Voor zover machtiging tot gedwongen ontruiming wordt gevorderd, is die vordering niet toewijsbaar. Indien noodzakelijk voor de tenuitvoerlegging van dit vonnis, kan de deurwaarder met inachtneming van het bepaalde in de artikelen 555 e.v. Rv zonder toestemming van Event Culinair het betreffende pand betreden en ontruimen.Buitengerechtelijke incassokosten
5.13.
[eiseres] maakt aanspraak op de vergoeding van buitengerechtelijke incassokosten.
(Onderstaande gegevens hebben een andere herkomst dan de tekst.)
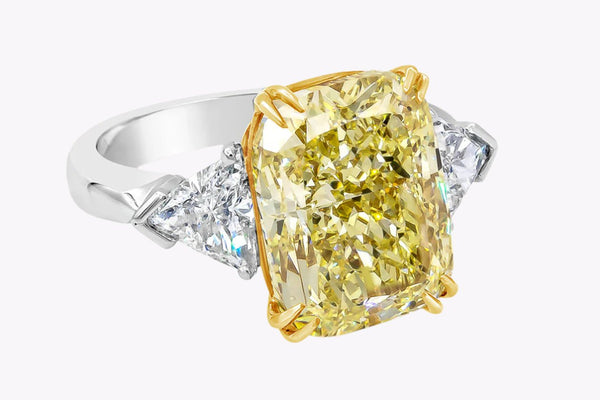 GIA Certified 10.11 Carats Cushion Cut Yellow Diamond Three-Stone Engagement Ring in Platinum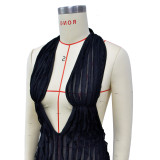 Women Solid Hollow Wave Pattern Dress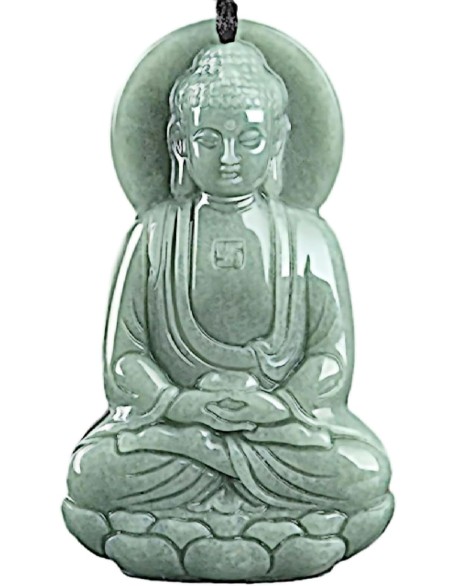 Natural Jadeite 3D Buddha Pendant Necklace Certified Grade A Untreated Burmese Jadeite Jade Hand Carved Shakyamuni Amulet for Men and Women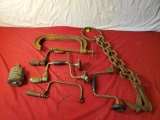 Braces, chain, and large c clamp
Het Besluit vergoeding voor buitengerechtelijke incassokosten (hierna: het Besluit) is van toepassing nu het verzuim na 1 juli 2012 is ingetreden. [eiseres] heeft echter niet voldoende onderbouwd dat buitengerechtelijke incassowerkzaamheden zijn verricht, door na te laten de schriftelijke sommatie(s) te overleggen. In dit geval is echter sprake van een handelsovereenkomst die op of na 16 maart 2013 is gesloten, waarbij de wettelijke betalingstermijn van artikel 6:119a/b BW, dan wel de contractuele betalingstermijn is verstreken. Daarom is een bedrag van € 40,- ingevolge het bepaalde in artikel 6:96 lid 4 BW toewijsbaar is, ook als geen incassowerkzaamheden zijn verricht.
5.14.
De conclusie is dat de kantonrechter zowel de vordering van [eiseres] in conventie als de vorderingen van Event Culinair in reconventie gedeeltelijk zal toewijzen.Proceskosten
5.15.
Nu partijen over en weer zowel in conventie als in reconventie op punten in het ongelijk zijn gesteld, is de kantonrechter van oordeel dat het redelijk is dat partijen zowel in conventie als in reconventie ieder de eigen proceskosten dragen.
6. De beslissing
De kantonrechter:
de vordering
6.1.
veroordeelt Event Culinair tot betaling aan [eiseres] van € 17.968,50 (huur april 2020 tot en met januari 2021), te vermeerderen de wettelijke rente over de huur voor april 2020 tot en met januari 2021, vanaf de vervaldatum van iedere desbetreffende maand huur tot en met de dag der algehele voldoening van de die maand huur;
6.2.
ontbindt de huurovereenkomst en veroordeelt Event Culinair om binnen twee weken de bedrijfsunit aan [adres] te verlaten en te ontruimen en verlaten en ontruimd te houden en de bedrijfsunit onder afgifte van de sleutels ter vrije beschikking aan [eiseres] te stellen indien Event Culinair niet binnen twee maanden na betekening van het vonnis voldoet aan de veroordeling bij punt 6.1;
6.3.
veroordeelt Event Culinair tot betaling van buitengerechtelijke incassokosten, die de kantonrechter vaststelt op € 40,-
6.4.
bepaalt dat iedere partij de eigen proceskosten draagt;
6.5.
verklaart dit vonnis tot zover uitvoerbaar bij voorraad;
6.6.
wijst de vordering voor het overige af.
de tegenvordering
6.7.
verklaart voor recht dat in de onderhavige situatie met betrekking tot de coronacrisis en alle overheidsmaatregelen en overige beperkingen van dien sprake is van onvoorziene omstandigheden;
6.8.
wijzigt de huurovereenkomst in die zin dat met ingang van 15 maart 2020 de huur 60% van € 2.994,75 per maand (dus € 1.796,85) bedraagt zo lang door de coronacrisis opgelegde overheidsmaatregelen beletten dat groepen mensen van meer dan 100 personen bij elkaar aanwezig mogen zijn;
6.9.
bepaalt dat iedere partij de eigen proceskosten draagt;
6.10.
verklaart punt 6.8 van dit vonnis uitvoerbaar bij voorraad;
6.11.
wijst de vordering voor het overige af.
Dit vonnis is gewezen door mr. A.H. de Regt en op bovengenoemde datum in het openbaar uitgesproken in aanwezigheid van de griffier.